A third political effect will be on the various multilateral political groupings such as BRICS (Brazil, Russia, India, China, South Africa), RIC (Russia, India, China) and SCO (Shanghai Cooperation Organization) that India has invested in. These are already dominated by China, and this will only increase in the coming years. New Delhi should not be foolish to expect that countries like Brazil or South Africa or Russia will side with India in any disagreement that it has with China. India should expect to be increasingly isolated within these bodies, as China seeks to use these to shape its own hegemony. India can, of course, push back either by standing alone and letting the consensus rule scuttle anything unpalatable or by convincing others to stick to non-controversial areas, though the latter would also require China’s acceptance.
A final political effect, though one that has gained greater attention than the above three, is China’s capacity to influence India’s neighbours. This should not be a surprise: India’s dominance within the region represents a latent security concern, if not a threat, to the smaller states in the region, much like China’s power is a threat to its neighbours and to the rest of Asia. There is little that is unnatural about such concerns — or about these countries trying to balance it by seeking the help of powers from outside the region.

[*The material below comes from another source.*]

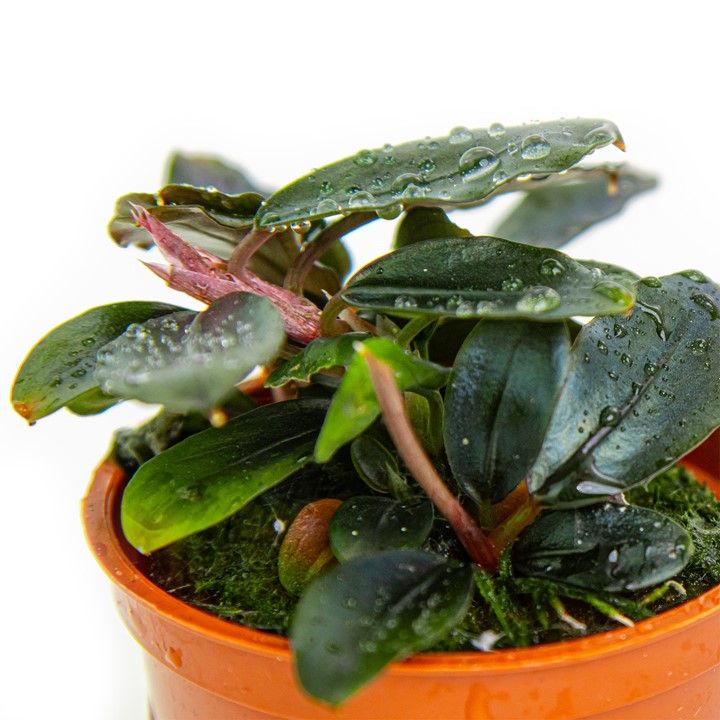 Bucephalandra sordidula 'Blue' Bucephalandra sordidula 'Blue'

This will not be the first India is facing this: much to New Delhi’s resentment, most of India’s neighbours have attempted to do so in the past, though they have rarely been able to attract any consistent partners, with Pakistan being the only exception. India should expect much more of this now because China will be interested in exploiting the natural concern of India’s smaller neighbours in a more consistent manner than other extra-regional powers have been until now.
What these effects suggest is that the question is not just of the disparity of power between India and China but of the consequences of China’s global power too. Disparity of power is a security issue: the greater the disparity, the greater the security problem. But even substantial disparity in power does not necessarily have to lead to wider political effects if the stronger power is not a significant global actor. But China is, and even without becoming a hegemonic actor, the global effects of its power can impact on India (and China’s other neighbours) in a manner that needs to be better recognised.